MAIL ME THE TROUBLE TICKET.

There’s a musical ding from over by the doorway, and a mail icon appears on your desktop.

ON DUTY, you send, giving the latte a final wistful look. “Bob? We’ve got a call.”

“Eh, boss…?” Bob lifts his cup and hides whatever he’s been working on—probably Solitaire.

“Bring it along, it’s nae the blues.”

You file the email as you leave the coffee shop. Bob trails after you. The destination shows up, as a twirling diamond just visible over the buildings on the far side of the road as you get in the car.

It’s a short drive from Corstorphine to the incident site, but it’s up the steep slope of Drum Brae, hemmed in by shoe-box houses at the bottom of the hill and the whirring prayer wheels of the wind farm at the top. By the time you’re heading downhill again, you’re worrying that the map is confused: “Turn right in one hundred metres” it tells you, but all you can see is an urban biodiversity coppice. “What’s the scene?” asks Bob.

“I dinna ken. The skipper says it’s a weird one.” You feel a flash of irritation—but your shift is a car short today, which makes it a stupid time for a prank—and right then you spot an open driveway leading into the trees, and your specs are flashing green. “Eh, look at that lot, will you?”

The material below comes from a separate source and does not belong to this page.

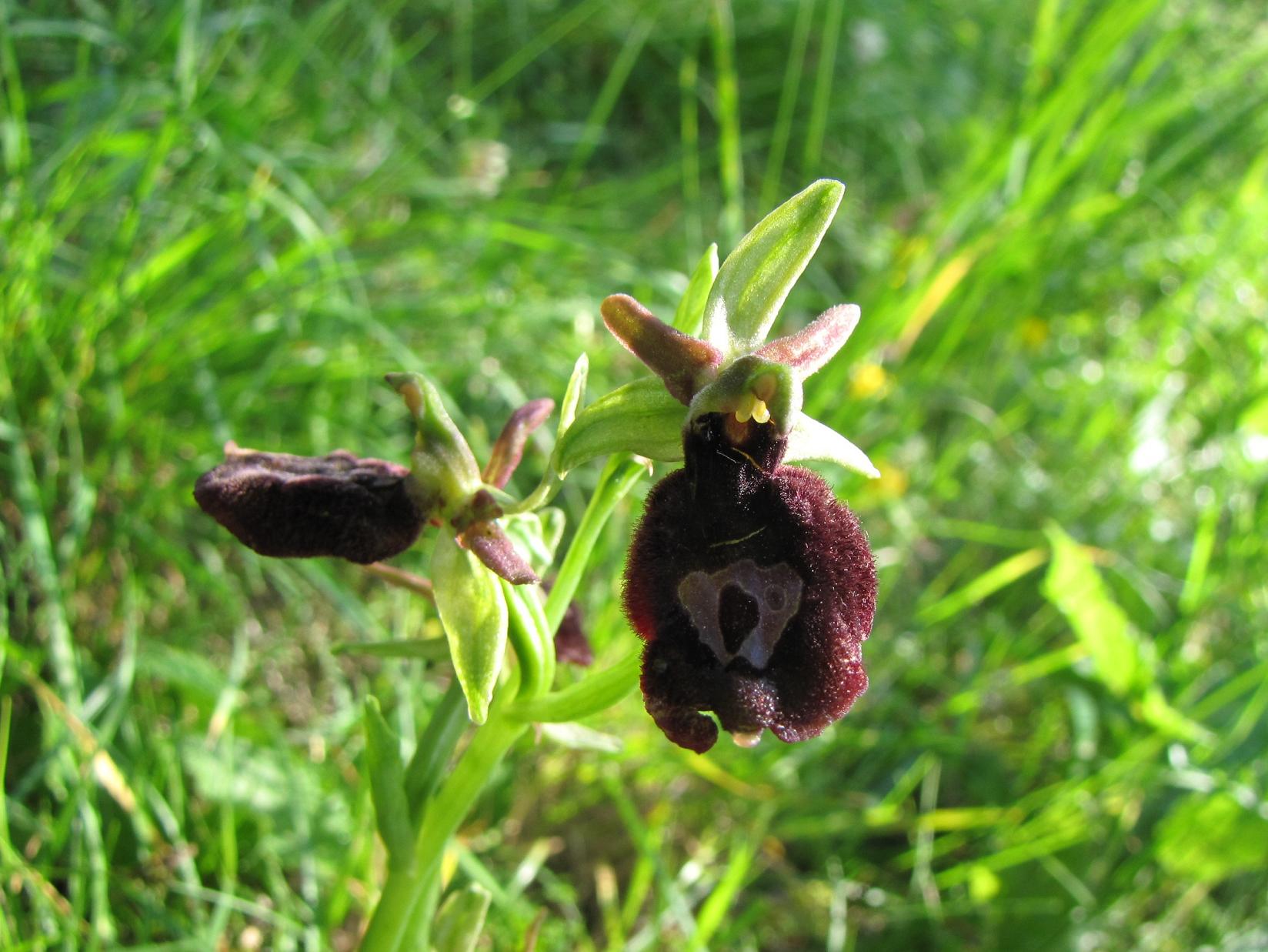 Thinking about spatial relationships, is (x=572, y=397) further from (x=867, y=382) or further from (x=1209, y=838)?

There are a bunch of cars parked at the end of the drive, and as the Forestry Commission doesn’t hand out Bentleys and Maseratis, it’s a fair bet that you’re in the right place. But the building they’re parked outside of is a raw contrast to the posh wheels: It’s more like a 1950s public toilet than a corporate office, just four concrete walls propping up a flat slab of characterless roof that seems to scream Asbestos! with all the force its wheezing, mesothelioma-ridden lungs can muster. Maybe it’s some kind of up-market cottaging club for the tech start-up crowd? You shake your head and climb out of the car, tapping your ear-piece to tell your phone to listen up: “Arriving on SOC, time-stamp now.